Gersain Viafara-Mina, 50, wept as US district judge Andrew Carter in Manhattan imposed the maximum sentence he faced after pleading guilty in August to participating in a conspiracy to import cocaine into the US.
His lawyers called Viafara-Mina a decent man who only participated in the drug scheme to support his family and escape guerrilla-controlled territory.
But Carter cited the size of the drug-trafficking operation in imposing sentence. “I am concerned about the scope of criminal conduct that he engaged in,” Carter said.
The sentencing came amid a series of US cases and probes linking individuals tied to the Venezuelan government to drug trafficking.
The US state department has called Venezuela a preferred route to traffic cocaine from South America onward due to, among other things, a porous border with Colombia and a “permissive and corrupt environment.”

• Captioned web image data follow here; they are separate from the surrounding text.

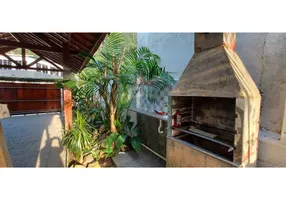 Foto 1 de Casa com 5 Quartos à venda, 290m² em Jardim Guaiúba, Guarujá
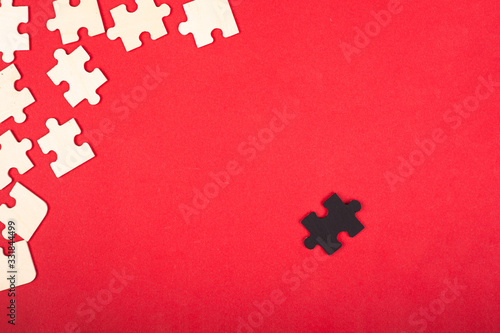 wooden white and black puzzles on a red background close-up top view. outcast antisocial leader differ from others children's educational toy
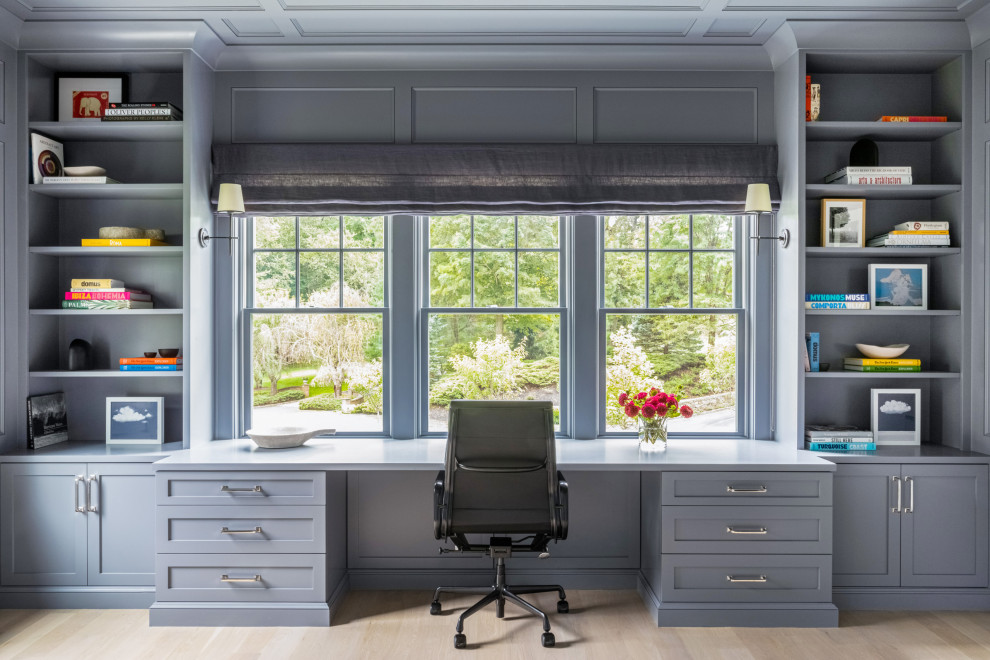 Imagen de despacho moderno con paredes azules, suelo laminado, escritorio empotrado, suelo marrón y todos los tratamientos de pared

According to his lawyers, in 2008, Viafara-Mina was asked to move to Venezuela by a drug trafficker he met through the Colombian rebel group Farc, which US
authorities have accused of being significantly involved in the drug trade.
Once there, Viafara-Mina began a new butcher business and started a family while also maintaining airfields the drug trafficker used, his lawyers said in court papers.
Prosecutors said that for at least five years, Viafara-Mina facilitated the dispatch of cocaine shipments from clandestine airstrips by co-ordinating with other drug traffickers, politicians and members of the Venezuelan military.
At a Venezuelan runway in 2010, Farc members provided security as Viafara-Mina worked with others to send more than 1,650 pounds (750kg) of cocaine to Honduras for transshipment to the US, prosecutors said.
In 2011, Viafara-Mina spoke about securing the release from the Venezuelan military of a US-registered aircraft seized in an anti-narcotics operation, the prosecutors added.
In 2015, Viafara-Mina told a US Drug Enforcement Administration informant he had Venezuelan military associates who could provide transponder codes that would allow drug planes to operate in Venezuelan airspace, according to the prosecutors.
Viafara-Mina is expected to receive credit for the time he has already spent in custody since his arrest in Colombia in February 2015.
He apologised in court saying he was only trying to support himself and his family. “I did that in order to eat,” he said.